The doors open at 7pm every night of the week with a sweep of the red velvet curtain as the bright lights pop into life on their sign outside. They operate within the law, strictly speaking, with a licence in place for the club and for the strange green alcohol they serve, and they're actually quite considerate toward their neighbours: the music isn't really all that loud by what she understands of modern standards and they wind down for the night well before they're legally obliged to, well before dawn, sometime around midnight. The people in the flats that line the street they're in complained in the beginning, but crime's gone down and business is up and okay, yes, so they're still not great fans of bumping into lumbering green monsters in the supermarket buying cheese or rubbing elbows with four-legged dancers in the newsagent's over celeb gossip magazines, though it's all peaceable enough. They all came to terms in an odd district meeting, with a kind of entente cordiale that's lasted for the past couple of years and shows no signs of shaking yet. Apparently, they're good for the local economy. 

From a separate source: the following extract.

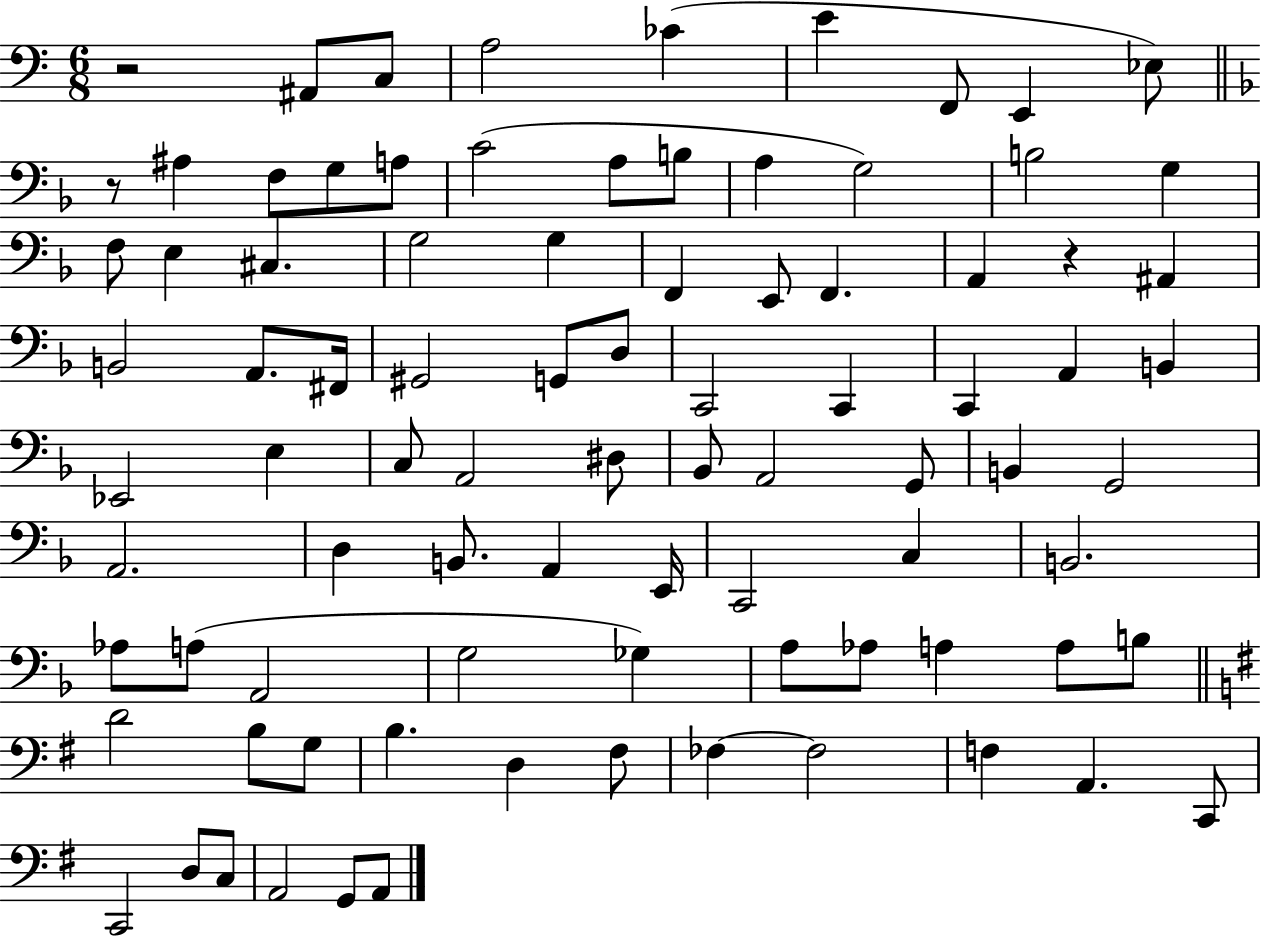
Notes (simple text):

R/h A#2/e C3/e A3/h CES4/q E4/q F2/e E2/q Eb3/e R/e A#3/q F3/e G3/e A3/e C4/h A3/e B3/e A3/q G3/h B3/h G3/q F3/e E3/q C#3/q. G3/h G3/q F2/q E2/e F2/q. A2/q R/q A#2/q B2/h A2/e. F#2/s G#2/h G2/e D3/e C2/h C2/q C2/q A2/q B2/q Eb2/h E3/q C3/e A2/h D#3/e Bb2/e A2/h G2/e B2/q G2/h A2/h. D3/q B2/e. A2/q E2/s C2/h C3/q B2/h. Ab3/e A3/e A2/h G3/h Gb3/q A3/e Ab3/e A3/q A3/e B3/e D4/h B3/e G3/e B3/q. D3/q F#3/e FES3/q FES3/h F3/q A2/q. C2/e C2/h D3/e C3/e A2/h G2/e A2/e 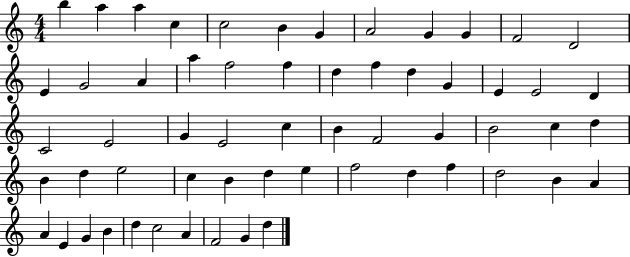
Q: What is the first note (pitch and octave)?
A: B5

She sits in her flowerpot and watches the people buzz around her. And then they want to change, they come to her. 

Sometimes people just come in to gawk and that's fine, it really is. It's good for the profit margins if nothing else, when people come from far and wide to see the band and stare slack-jawed at all the strange people working there, or drinking there. They never seem quite sure if the bartender started out as a goat or a man and he doesn't like to confirm either way but he was the first one she changed, one night in the bar not long after her arrival, once the doors were closed. They'd been talking for hours every night for weeks. 

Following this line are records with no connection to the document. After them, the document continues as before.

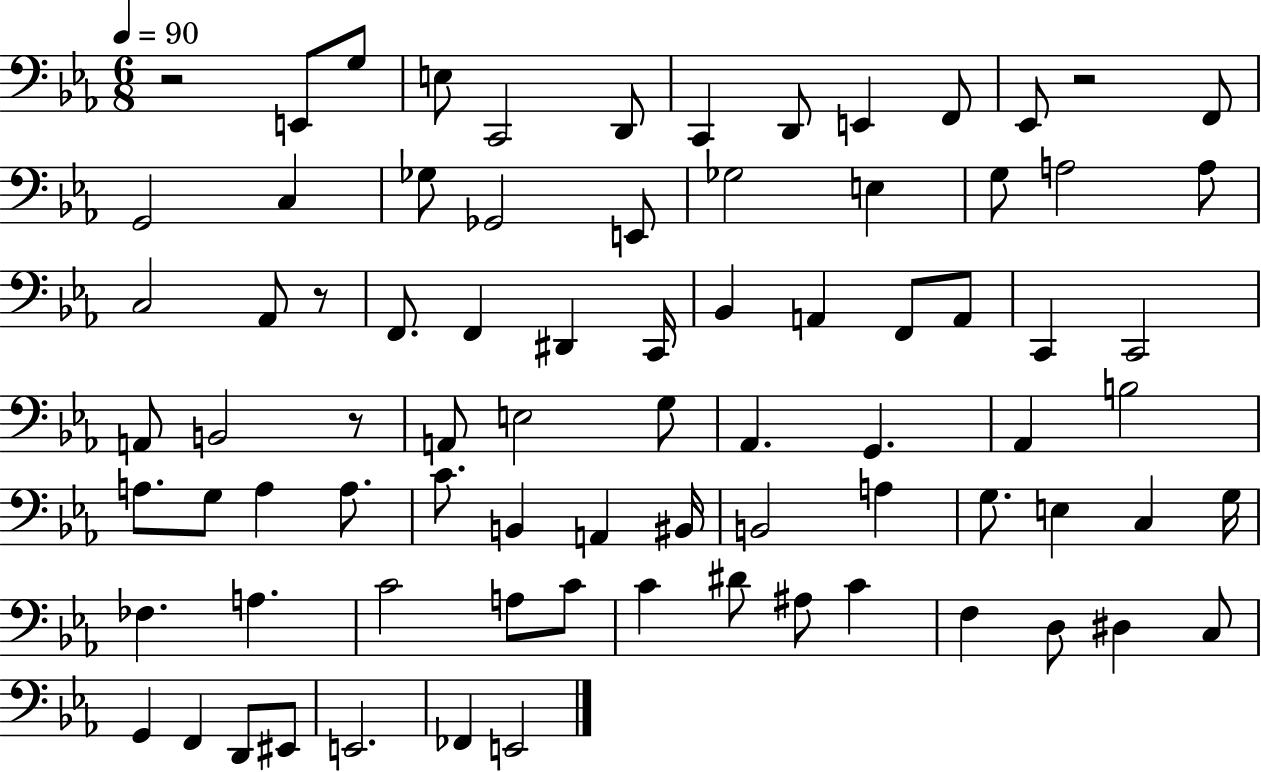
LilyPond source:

{
  \clef bass
  \numericTimeSignature
  \time 6/8
  \key ees \major
  \tempo 4 = 90
  r2 e,8 g8 | e8 c,2 d,8 | c,4 d,8 e,4 f,8 | ees,8 r2 f,8 | \break g,2 c4 | ges8 ges,2 e,8 | ges2 e4 | g8 a2 a8 | \break c2 aes,8 r8 | f,8. f,4 dis,4 c,16 | bes,4 a,4 f,8 a,8 | c,4 c,2 | \break a,8 b,2 r8 | a,8 e2 g8 | aes,4. g,4. | aes,4 b2 | \break a8. g8 a4 a8. | c'8. b,4 a,4 bis,16 | b,2 a4 | g8. e4 c4 g16 | \break fes4. a4. | c'2 a8 c'8 | c'4 dis'8 ais8 c'4 | f4 d8 dis4 c8 | \break g,4 f,4 d,8 eis,8 | e,2. | fes,4 e,2 | \bar "|."
}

"I can do things, you know," she told him that night, in her flowerpot that was stationed on the bar by then. "I can make you different, if you like." 

He was hesitant but she could tell he was excited. He nodded his head. She thought the change suited rather well. The horns are very fetching.

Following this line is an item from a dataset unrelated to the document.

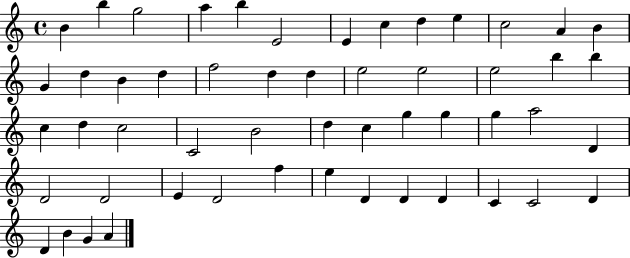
B4/q B5/q G5/h A5/q B5/q E4/h E4/q C5/q D5/q E5/q C5/h A4/q B4/q G4/q D5/q B4/q D5/q F5/h D5/q D5/q E5/h E5/h E5/h B5/q B5/q C5/q D5/q C5/h C4/h B4/h D5/q C5/q G5/q G5/q G5/q A5/h D4/q D4/h D4/h E4/q D4/h F5/q E5/q D4/q D4/q D4/q C4/q C4/h D4/q D4/q B4/q G4/q A4/q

The band were next and they loved her work, and the instruments she made for them. And once the furore had died down, once the police had been called about the monsters in the bar and the scientists and doctors were satisfied that perhaps it wasn't strictly speaking possible but there they were despite that, once she'd fended off all threats of scalpels and samples and carbon dating, they reopened the club and watched the people pour in.  
When people want to change, they come to her. She was changed herself, once, long ago. But that wasn't exactly by choice. 

Her father was a gubernatorial bigwig in Hermopolis Magna, though they didn't really call it that back then, not unless they were Greek and she wasn't, they weren't. She was thoroughly Egyptian and she supposes she still is, though she's argued with itinerant Egyptologists ten times over whether _Kemet_ meant _black land_ or land of black people or something else entirely, so now she's cut them off and corresponds entirely by email if and when the mood strikes. Which is surprisingly difficult when you have vines instead of arms, so she thinks she does quite well for herself. She likes the internet: it's full of cat pictures, for one, and email is a genuinely fantastic thing. She thinks Thoth would have approved of all the writing. 

Her father was good buddies with the pharaoh though the man himself didn't exactly visit often. She remembers seeing the scribes when she was younger, taking down dictation on papyrus rolls that they shipped down the Nile to Pi-Ramesses where the pharaoh lived. Her brothers went to school to learn to write but she, third daughter of a state official, was packed off to the temple. She probably wouldn't have learned to read anyway, she thinks; they weren't exactly hot on literate girls back then. 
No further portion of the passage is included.